Neil “Ziggy” Serpico was a 1950 graduate of Biddeford High School and was a tremendous three-sport athlete. Upon graduation and following a year of prep school, which was very common in those days, he took his talents to the University of New Hampshire. He played both football and baseball and in his senior year he played both ways for the Yankee Conference Football Team and hit .354 that spring for the baseball team. Following graduation from UNH, he signed with the Baltimore Orioles and was assigned to the Sooner State League and after just 14 games he was promoted to the Class C Aberdeen South Dakota Pheasants of the Northern League. Neil was batting .314 that season when he was drafted into the U.S. Army. Following two years of military service and honorable discharge, the St. Louis Cardinals offered Neil, then 25 years old, a contract to play Class A in their organization. However, the Baltimore Orioles refused to release him and offered a spot with their Class D affiliate. These were the days before free agency and signing a professional contract with a team bound the player for life, unless he was released.
Neil then returned to his hometown. After teaching for a couple of years and coaching baseball at Thornton, he returned to his alma-mater Biddeford High School. He inherited a Class D program and within a 5-year span he made good on a promise to bring the Tigers all the way back to class A. He reached his goals of returning bitter rivals St. Louis High School and Thornton Academy to the Tiger’s schedule. He was instrumental in founding the Football Boosters and improving Waterhouse Field. While teaching and coaching at Biddeford High, he earned a masters degree from Boston University. In 1965, he resigned as head coach of the Tiger Football Program to attend Alabama University where he earned his doctorate in physical education. He served as a graduate assistant football coach under the legendary Paul “Bear” Bryant.
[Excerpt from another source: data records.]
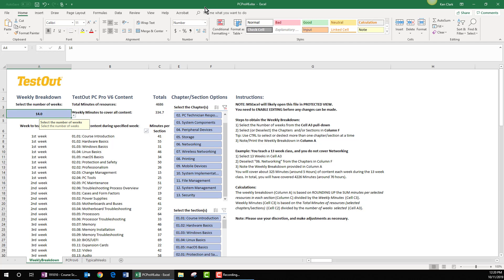Hi, I'm Ken with TestOut. Have you ever had the need to create a schedule that divides one of our TestOut courses over a defined number of weeks, perhaps over the course of your academic term? If so, I'd like to introduce to you a tool that will do a lot of the associated work for you.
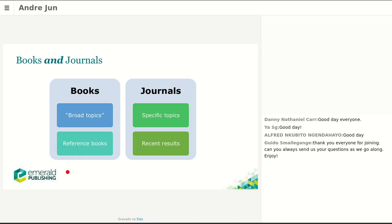When we talk about books, we think of reference titles that become references in our research areas — for example, Philip Kotler in marketing. Journal articles are more about recent results, which is why they tend to be much shorter. Think of Watson and Crick's article about DNA — it was really small compared to a book. Books and journals are not opposed; they have their own space in the publishing space.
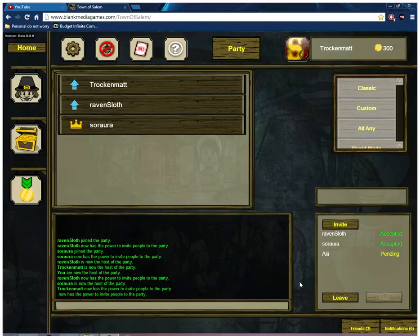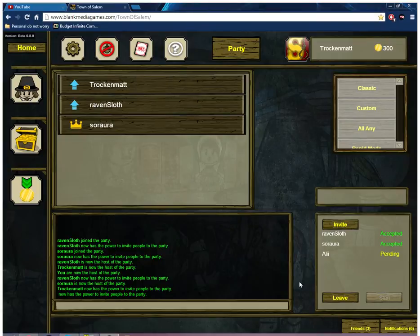Hello everybody, Trock here, and today I'm playing more Town of Salem with Ravensloth and Rapper.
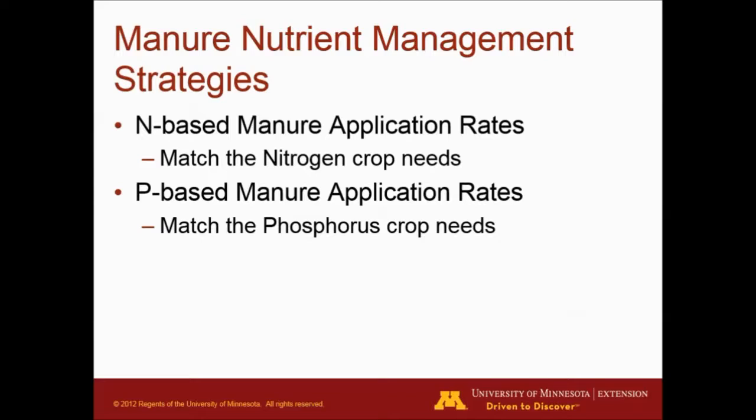Nitrogen-based is when we apply the manure based on our nitrogen crop needs, and phosphorus-based is when we try to match the phosphorus crop needs in our manure application rate.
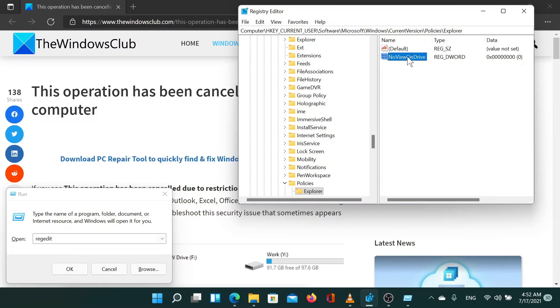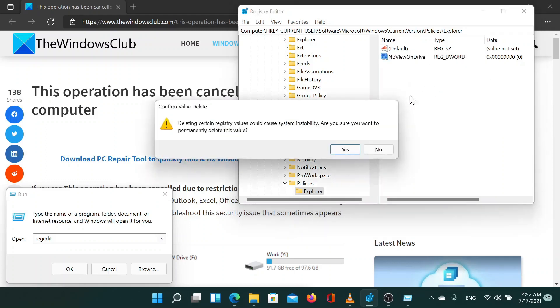Now in the right pane, you'll see an entry named NO VIEW ON DRIVE. Right click this and select DELETE to delete that entry.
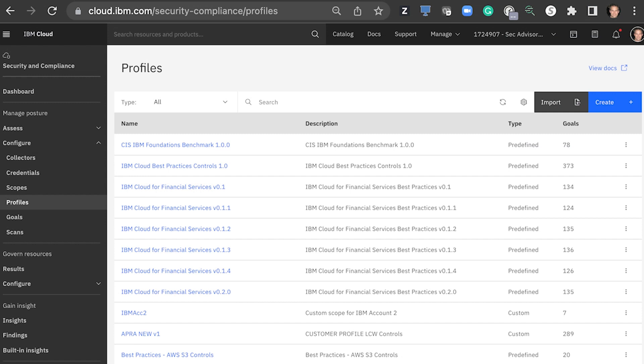When monitoring for configuration compliance, you'll start off by selecting a predefined profile or creating a profile of your own. A profile is a grouping of control implementations that we call goals. Once you have what you want to check, you'll need to identify what resources you want to run those checks on — we call that set of resources a scope. Then you'll set up a collector and scan details. At that point, you have an automated scan providing continuous compliance and your compliance score.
In 1969, Dr. Neil A. Serpico became a professor of Physical Education at West Chester University, which is located outside Philadelphia Pennsylvania. Initially, he was the head freshmen football coach, enjoying an undefeated 10-0 season defeating schools such as Temple and Villanova. He was also an assistant baseball coach and in 1970, when the position opened, he was named interim head baseball coach. The interim title was at his request, due to his desire to remain involved with the football program. The interim title was quickly dropped and Coach Serpico focused on building West Chester into a Division I baseball powerhouse. He enjoyed many years of success at West Chester, winning titles in the East Coast Conference and the Pennsylvania State Athletic Conference. He was Conference Coach of the Year in 1985 and his team won the conference that year.
On April 27, 1987, Coach Serpico was leading the West Chester Rams in a doubleheader against C.W.Post University on Long Island, New York. He took ill during the first game and was hospitalized, passing away suddenly at the age of 55. He finished just shy of 300 career college baseball victories. The baseball stadium at West Chester is named in his honor. In 1993, he was posthumously inducted into the Maine Baseball Hall of Fame.